Segment Start: Data shown

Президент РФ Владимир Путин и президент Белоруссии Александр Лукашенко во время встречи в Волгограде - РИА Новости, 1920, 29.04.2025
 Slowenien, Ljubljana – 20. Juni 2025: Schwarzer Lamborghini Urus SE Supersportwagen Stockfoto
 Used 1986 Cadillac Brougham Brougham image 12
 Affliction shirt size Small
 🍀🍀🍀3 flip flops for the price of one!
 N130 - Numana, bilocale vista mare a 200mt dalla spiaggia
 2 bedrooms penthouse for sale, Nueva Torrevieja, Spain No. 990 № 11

Segment End: Data shown

## Problem to solve
Repeat only the stretch of lines that opens with the line containing "Affliction shirt size Small" and closes with the final line of the entries, both included, exactly as written.

## Your response
 Affliction shirt size Small
 🍀🍀🍀3 flip flops for the price of one!
 N130 - Numana, bilocale vista mare a 200mt dalla spiaggia
 2 bedrooms penthouse for sale, Nueva Torrevieja, Spain No. 990 № 11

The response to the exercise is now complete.